Verrebbe da dire che queste sanzioni siano state introdotte “per far urlare l’economia”, prendendo in prestito le esatte parole usate da Nixon per indicare ai servizi di intelligence la strategia prodromica al colpo di Stato in Cile cia.gov/library/report…
Tra le debolezze imputabili all’esperienza bolivariana va evidenziato il fallimento della politica di diversificazione produttiva e l’intensificarsi della dipendenza dalla rendita petrolifera.
Le conseguenze negative della strategia monoesportatrice hanno presentato il conto nel 2014 con il crollo del prezzo del petrolio. Da tale momento il valore delle esportazioni si è contatto, con esso sono crollate le riserve di $. Da qui la nascita di un mercato nero della valuta
Speculatori e classi più benestanti (“gusanos”), cacciati dalla porta del Palacio de Miraflores, hanno trovato il modo per rientrare dalla finestra, controllando i prezzi interni e spingendo al rialzo il divario tra cambio ufficiale e quello del mercato nero.
Sarebbe un greve errore concludere che le difficoltà economiche inizino con Chavez o con Maduro, come i grandi media vogliono far credere presentando il Venezuela del ventesimo secolo come un paradiso di prosperità e democrazia.
I media "dimenticano" che il Venezuela fosse un paese fortemente polarizzato al livello sociale: la ricchezza accumulata negli anni 70 era servita a arricchire oligarchi dell’industria petrolifera, grandi proprietari terrieri e alta borghesia urbana di discendenza europea.
Forse i media vogliono che siano ancora una volta le classi subalterne a pagare il prezzo della crisi, così come avvenne negli anni ’90, quando fu implementato un pacchetto di riforme neoliberali, noto come “El Gran Viraje”?
Tali misure erano chieste a gran voce da gruppi imprenditoriali, per preservare il loro controllo sulle risorse e perpetrare un sistema di accumulazione che lasciava indietro gli ultimi e che li privava, grazie al sistema bipartitico, di rappresentanza politica.
Il pacchetto di riforme fu progettato da un gruppo di economisti (detti gli “IESA Boys” per sottolinearne la convergenza ideologica coi “Chicago Boys”, quelli che plasmarono l’economia cilena sotto Pinochet). Riduzione di spesa sociale e dazi, privatizzazioni e deregolamentazioni
Il PIL procapite si ridusse ulteriormente, gli investimenti pubblici e privati rimasero al palo, la povertà raddoppio, la quota salari sul PIL si ridusse.
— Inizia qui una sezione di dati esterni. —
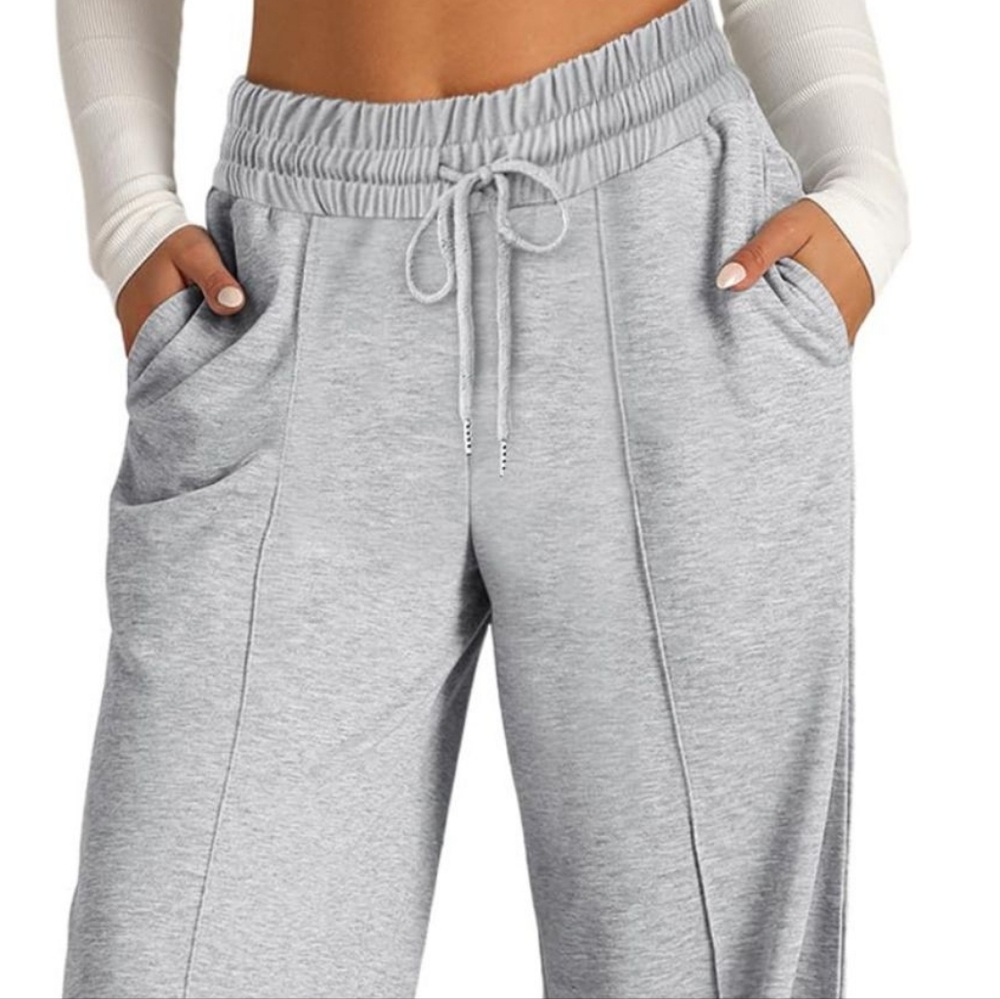 Women's Gray Wide-Leg Pants - Picture 3 of 6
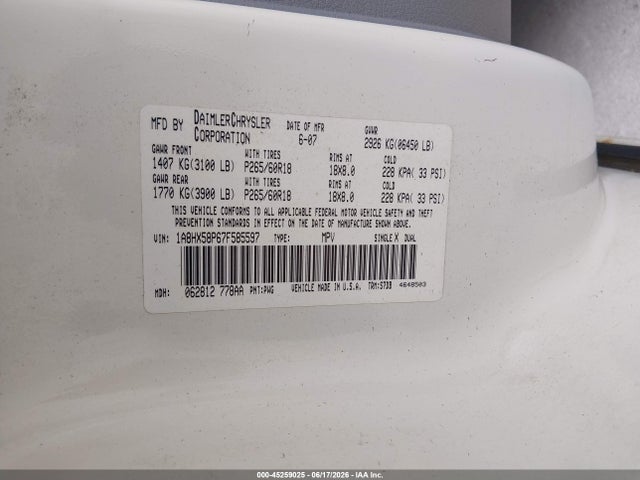45259025 :رقم المزاد ، 1A8HX58P67F585597 vin ، 2007 Chrysler Aspen Limited مزاد بيع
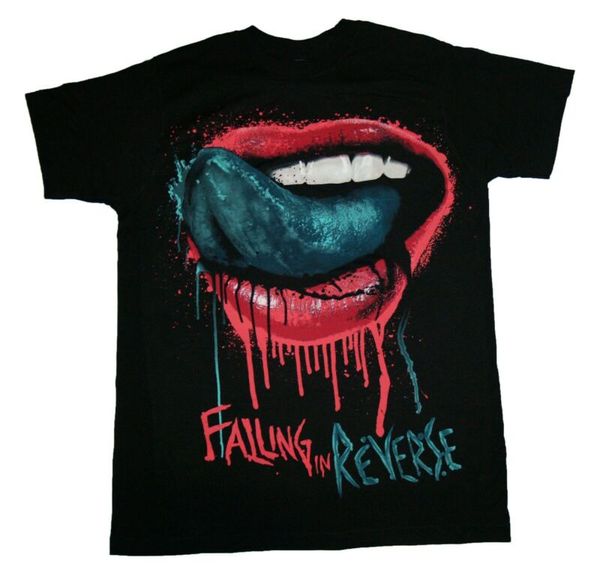 

falling in reverse lips t shirt s-2xl new official kings road merchandise, White;black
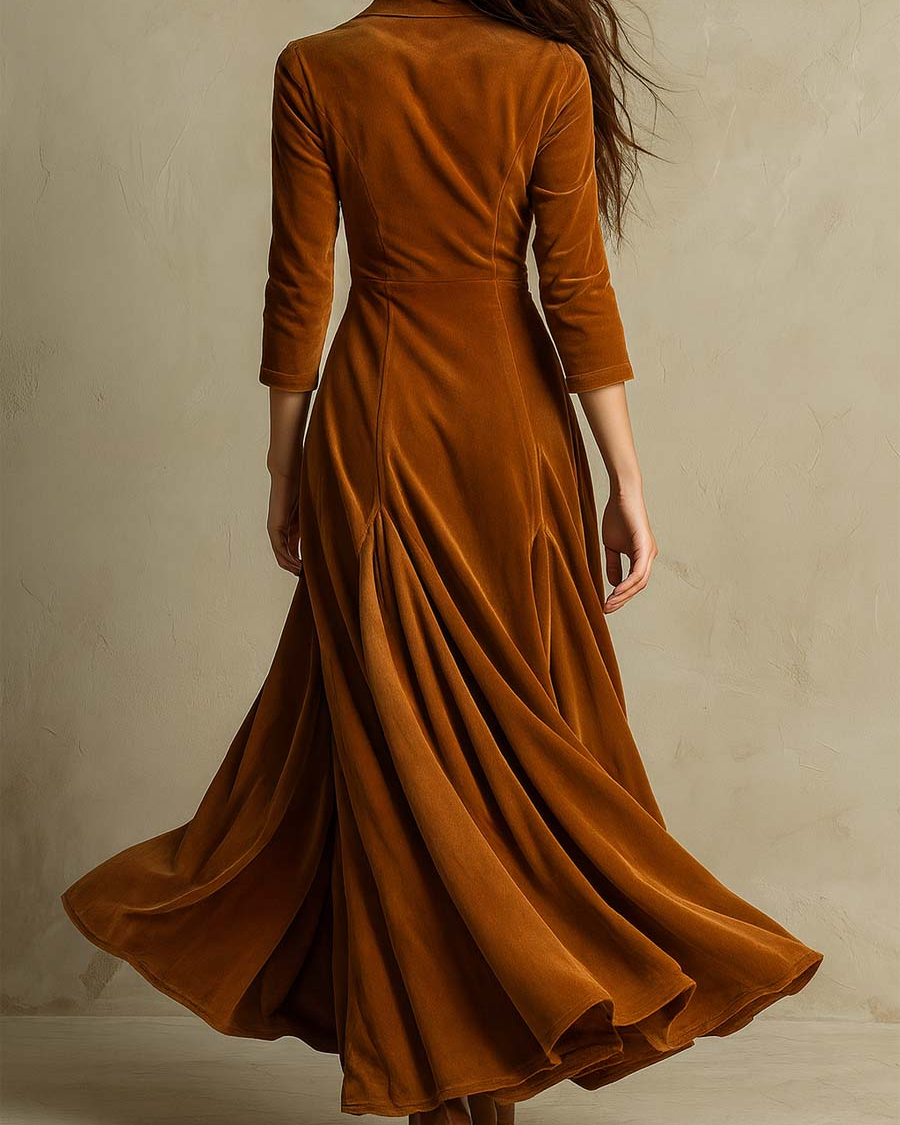 Abito Lungo Elegante in Velluto Marrone con Colletto Retrò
Insomma, non è la prima volta che l’economia venezuelana attraversa una fase di grave recessione ma solo dalla Presidenza Chavez si trova a fronteggiare boicottaggi, serrate padronali, sanzioni economiche e tentativi di golpe appoggiati dal capitale Occidentale.
Questo perché s vuole porre fine alla lotta bolivariana di emancipoazione dal monopolio dei grandi gruppi petroliferi occidentali e al processo di redistribuzione delle terre iniziato con la riforma agraria del 2001.
Si vuole altresì porre fine alle conquiste di diritti sociali ed economici da parte di chi ne era stato escluso fino a quel momento, eliminando i programmi di assistenza sociale introdotti da Chavez per eradicare la povertà in ogni sua dimensione.
Le Misiones sono state strumenti determinanti nel conseguimento dei successi registrati fino a prima dell’inizio della crisi: riduzione della povertà, delle diseguaglianze e della mortalità infantile, aumento del tasso di alfabetizzazione.
Ma soprattutto si vuole interrompere la svolta multipolarista intrapresa in politica estera attraverso l’alleanza con Cuba e altri Paesi in conflitto con gli USA (Iran e Siria). A questo va aggiunta l'alleanza con la Cina in campo economico, e con la Russia in campo militare.
In poche parole, la narrazione dominante è funzionale a propagandare un regime change diretto a riallineare il Venezuela all’asse atlantico.